It’s the unofficial halfway point of the 2009-10 NBA season and here are the individuals who helped shape the first half of the regular season.
COACH OF THE YEAR
Nate McMillan, Portland Trail Blazers
McMillan and Mike Woodson were in a dead heat for this award, but I have to give it to the coach who has watched his roster get decimated by injuries and then, to add insult to injury (no pun intended), McMillan ruptured his Achilles’ tendon during practice because the Blazers didn’t have enough bodies to scrimmage. McMillan still wears a walking boot when he’s coaching on the sidelines. Now that’s dedication!
SIXTH MAN OF THE YEAR
Lamar Odom (F), L.A. Lakers
The popular choice here is Jamal Crawford of the Hawks, but if you look Lamar Odom’s overall production in the amount of minutes he plays, he is more of an impact player than Crawford, San Antonio’s Manu Ginobili or Dallas’ Jason Terry. If Odom played more minutes, he would be in the top three in rebounds. He initiates the Lakers’ triangle offense and is a very underrated defender. At 6-10 with guard-like handles, Odom is a nightmare matchup for a lot of teams and he is a vital cog in L.A.’s championship aspirations.
MOST IMPROVED PLAYER
Aaron Brooks (G), Houston Rockets
When the Rockets let go of Rafer Alston, it signaled that the coaching staff and GM Daryl Morey was convinced that Aaron Brooks can, and will be, the point guard of the present and future of the franchise. Brooks has not only lived up to their expectations, he has surpassed them. The ultra-quick point guard has improved his scoring from 11 to 19 and despite the increase in field goal attempts, he is shooting better this season (42%) than last season (40%).
COMEBACK PLAYER OF THE YEAR
Zach Randolph (F), Memphis Grizzlies
The comeback player of the year doesn’t have to be awarded to a player returning from an injury. It could be someone who was sent to basketball Siberia (see L.A. Clippers) and left to rot there. But Randolph has revived his career in Memphis and was a first-time All-Star this year. Randolph is a 20-10 player and has given the Grizzlies a legitimate inside threat who can command a double team.
ROOKIE OF THE YEAR
Tyreke Evans (G), Sacramento Kings
Take away Brandon Jennings’ 55-point game against the Warriors and Evans has the more impressive rookie season. The former Memphis stud is averaging 20.3 points, 5.1 assists and 1.6 steals compared to Jennings, who is averaging 16.9 points, 6.2 assists and 1.3 steals.
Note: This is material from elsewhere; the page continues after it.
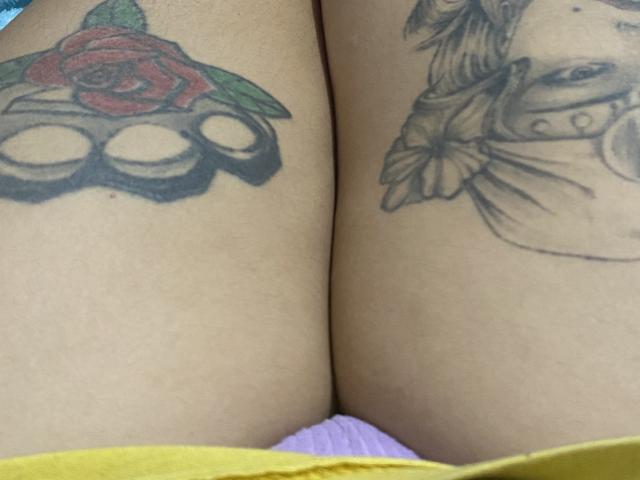 GipsyZ's thighs, showing a red rose tattoo with green leaves on the left and a black-and-grey floral tattoo on the right, with yellow underwear at the bottom.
Trade rumors regarding Kevin Martin has solidified Evans’ standing as the foundation of the rebuilding Kings. The rest of the first-team All-Rookie squad should include Stephen Curry (Golden State), DeJuan Blair (San Antonio) and Darren Collison (New Orleans).
DEFENSIVE PLAYER OF THE YEAR
Gerald Wallace (F), Charlotte Bobcats
The easy pick here would be Dwight Howard, last year’s winner. But I can’t ignore Wallace’s impact this season. He is currently seventh in rebounds (10.9), 14th in steals (1.59) and 27th in blocks (1.1.) Those may not be gaudy when paired next to Howard’s stats, but Wallace does more than just rebound and defend. He is the heart and soul of the Bobcats’ second-ranked defense and his all-out hustle doesn’t usually show up on the stat sheet.
MOST VALUABLE PLAYER
LeBron James (F), Cleveland Cavaliers
Last season, I chose Kobe Bryant over LeBron James and Dwyane Wade because the Lakers had the best record. This season, despite major injuries to Mo Williams and Delonte West, the Cavaliers have the best mark at the All-Star break because James has been out of this world and is playing like a demigod. During the Cavs’ 13-game winning streak, LeBron is averaging nearly 30 points, 8 rebounds and 10 assists. In his last four games before the break, he posted scoring totals of 36, 47, 32 and 32. His Cavs also knocked off Kobe’s Lakers (twice), Howard’s Magic (twice), Wade’s Heat (twice) and Joe Johnson’s Hawks (twice). It would take a monumental upset for LeBron James not win back-to-back MVP awards.